Arogya World, a US based non-profit organization, has launched a service on Nokia Life Tools, aimed at providing information on diabetes prevention via text messages/SMS. The service will be free for 6 months, and text alerts will be sent toexisting subscribers of Nokia’s health channels twice a month, available in 12 different languages. This service is targeting a base of 1 million consumers over two years. Nokia Life Tools, the last time we checked, had 17 million subscribers, and health tips were priced at Rs 30 per month
According to a statement, Nokia is subsidizing program costs and making available translation and transmission infrastructure. Arogya World is developing the diabetes awareness and prevention messages with a strong emphasis on science and behavior change in partnership with Emory University, and is reviewing them for cultural relevancy and technical accuracy. Synovate will measure the effectiveness of the program, and financial support is being provides by Biocon, LifeScan and Aetna.
Nokia Life Tools is currently live in India, China, Indonesia and Nigeria.
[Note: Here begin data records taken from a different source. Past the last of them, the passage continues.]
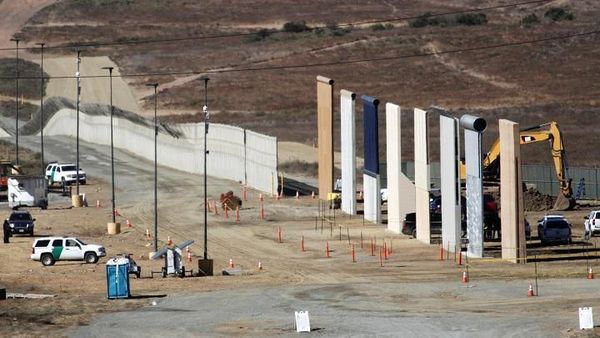Prototipe Tembok Raksasa Trump Muncul ke Publik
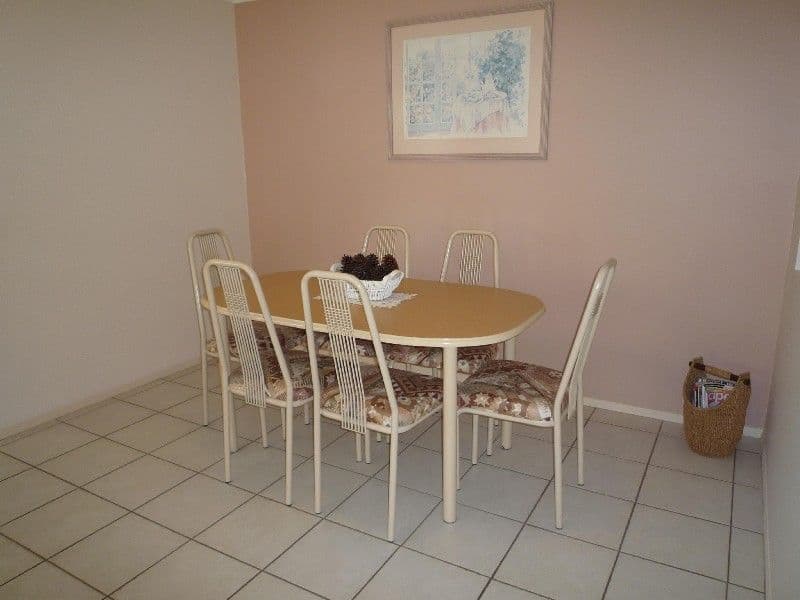34 Marble Arch Place, ARUNDEL QLD 4214, Arundel - Thumbnail 4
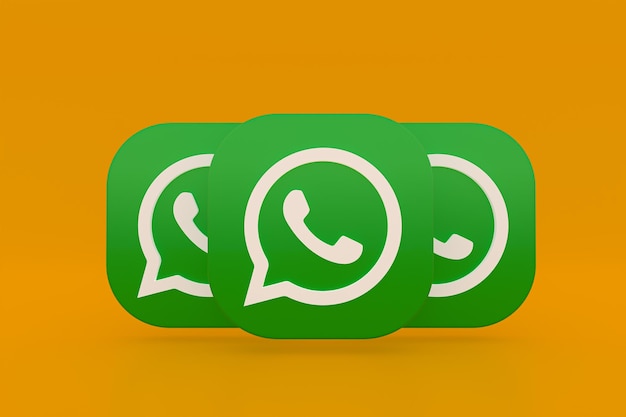 Whatsapp applicatie groen logo pictogram 3d render op gele achtergrond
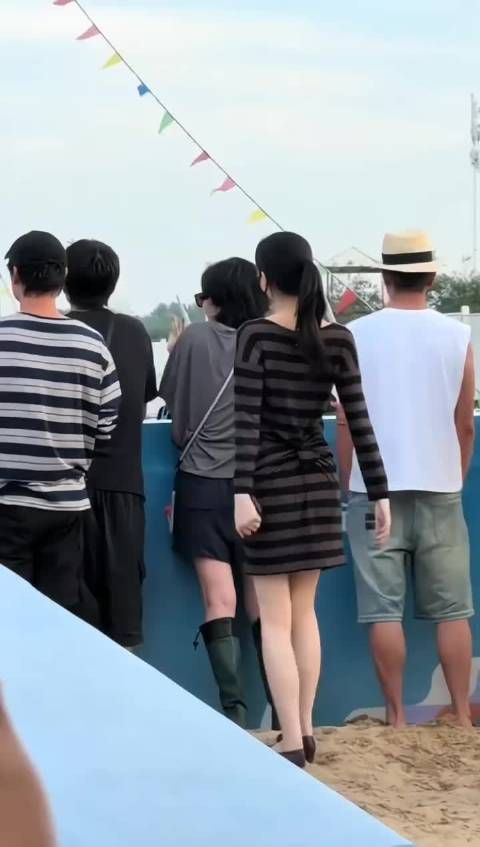 你发现了吗，王菲的穿着风格 已经由以前的时尚前卫，变得如今的佛系极简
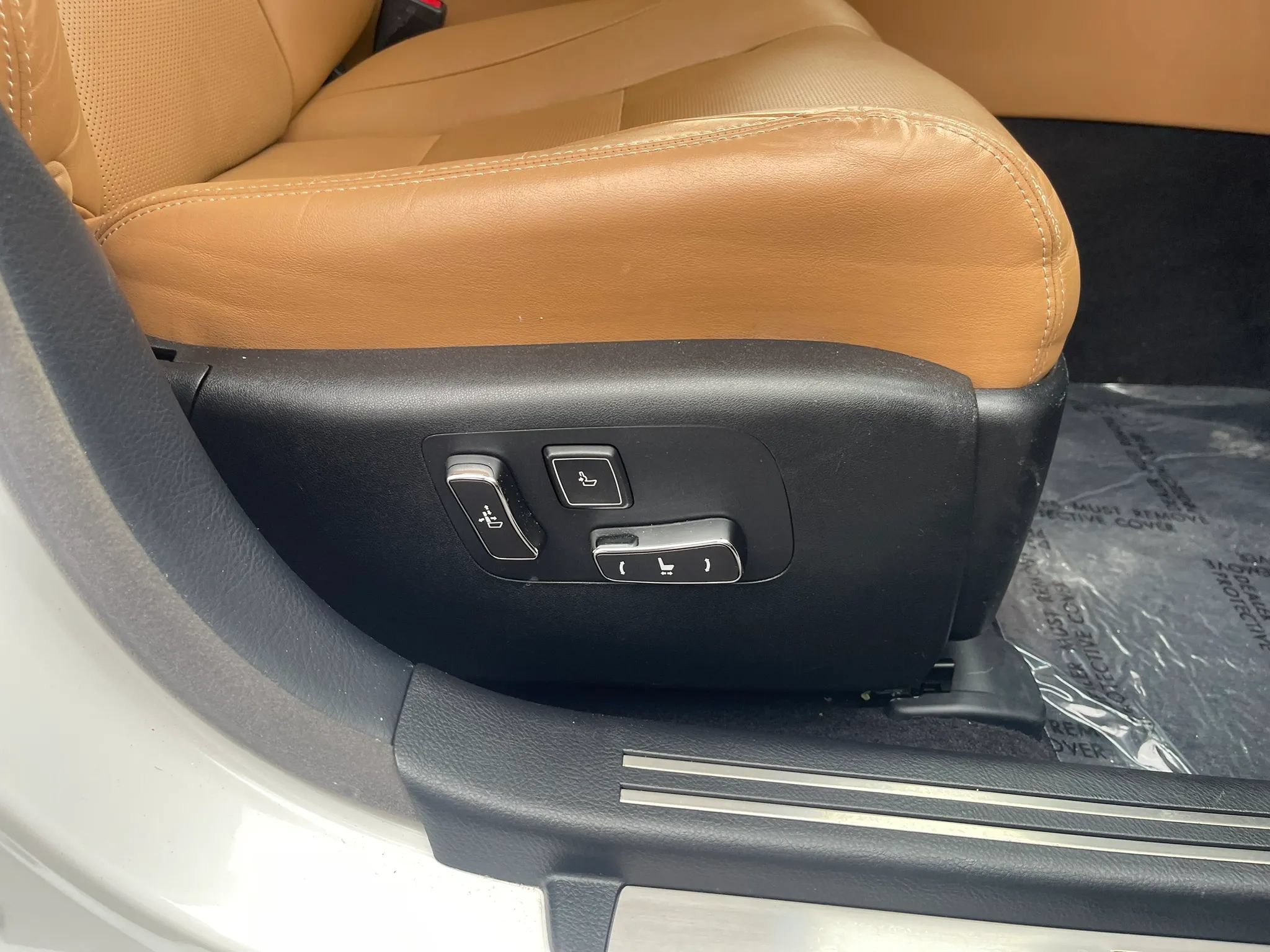 Used 2013 Lexus LS 460 w/ Comfort Pkg RWD image 16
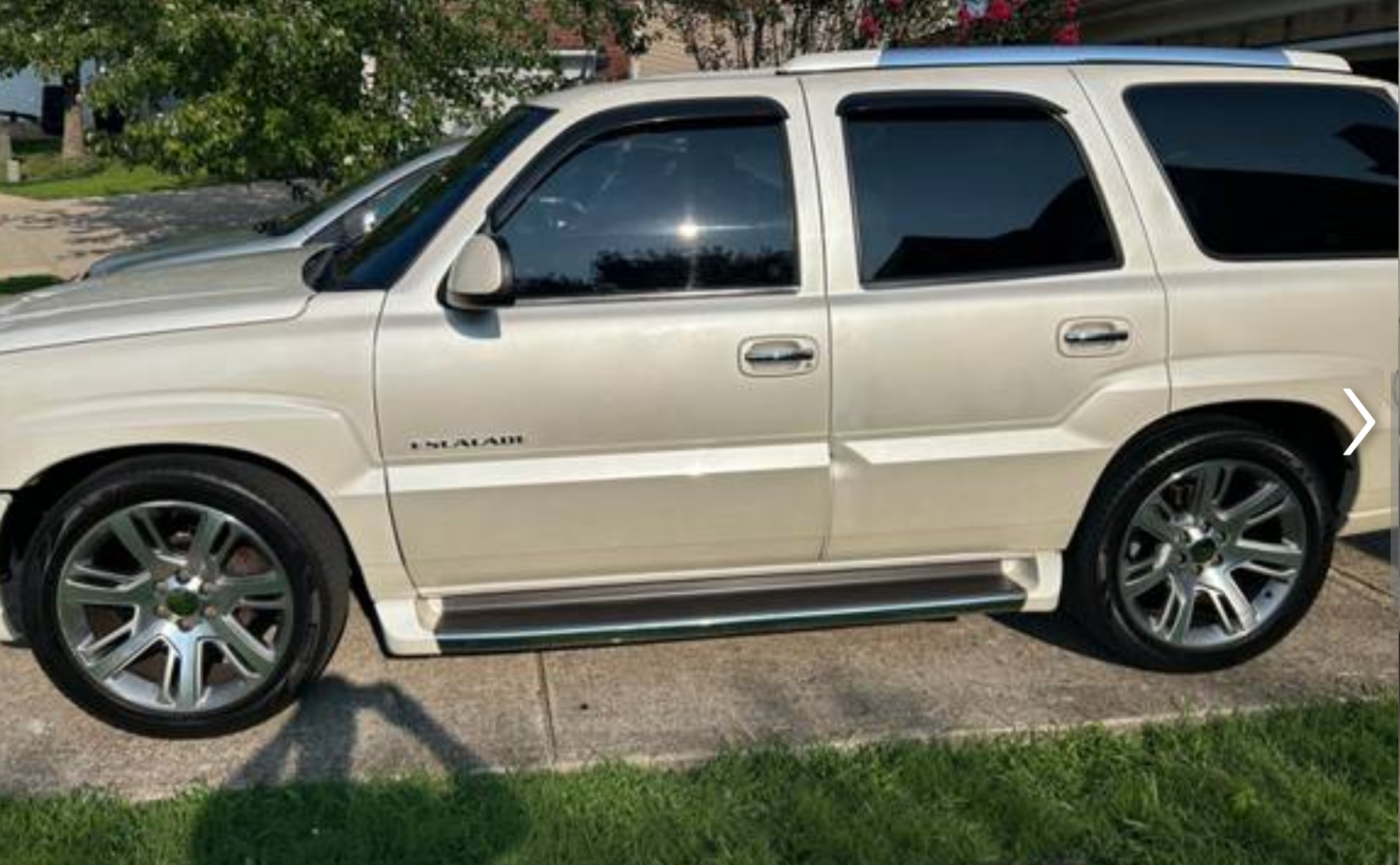 Used 2004 Cadillac Escalade AWD image 6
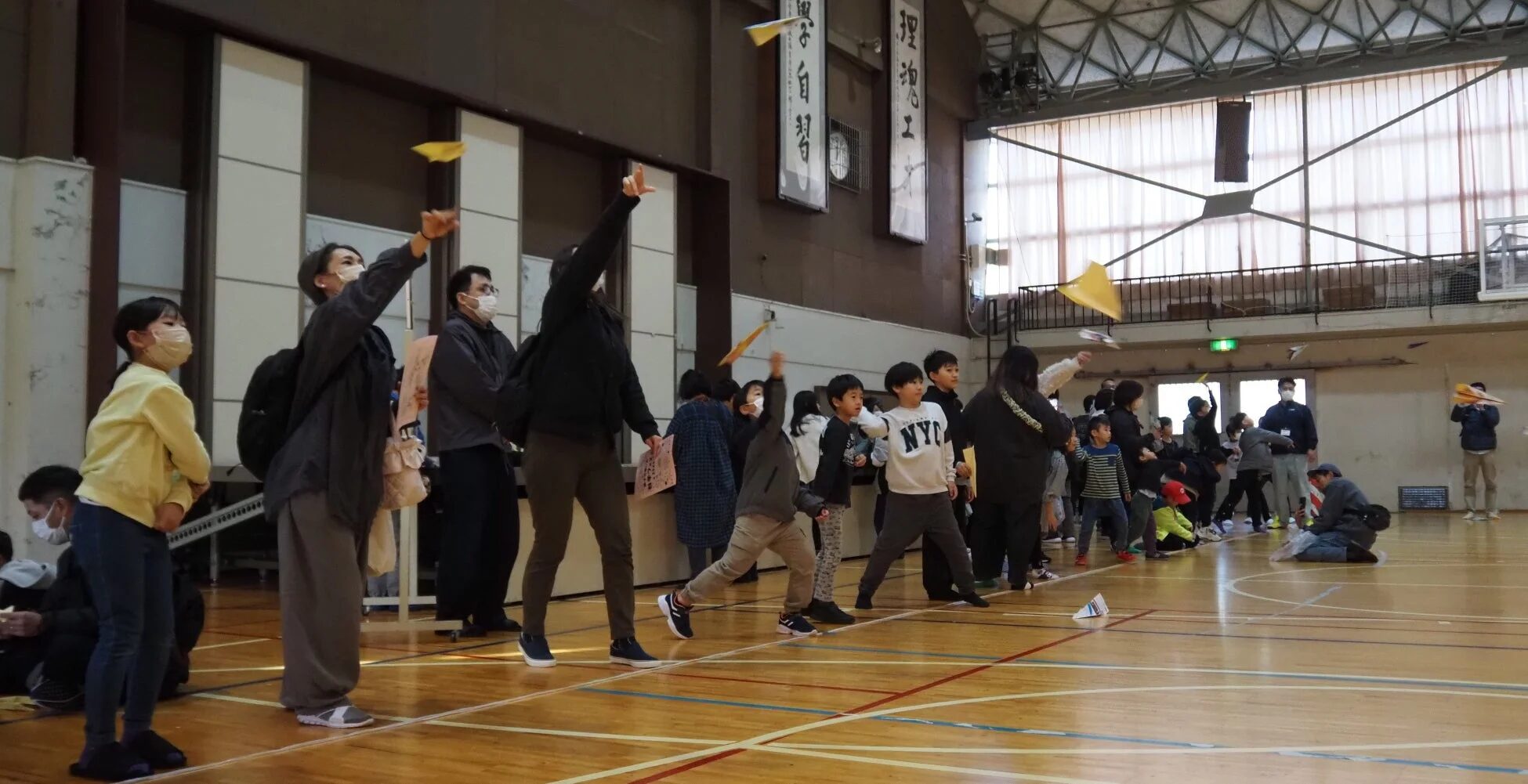 体育館での紙飛行機イベントの様子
Subscription Services & TRAI Guidelines
While Nokia Life Tools has messages sent to an application, since most phones can’t interpret Indian languages in unicode, Nokia doesn’t quite face the problem that most other text messaging does, there is still one problem that renewal to the subscription service will face – how many of its 17 million subscribers will confirm, each month, subscription to the service, once TRAI’s regulation on subscription has been enforced? I wouldn’t be surprised if, like many other subscription services, the subscriber number plummets.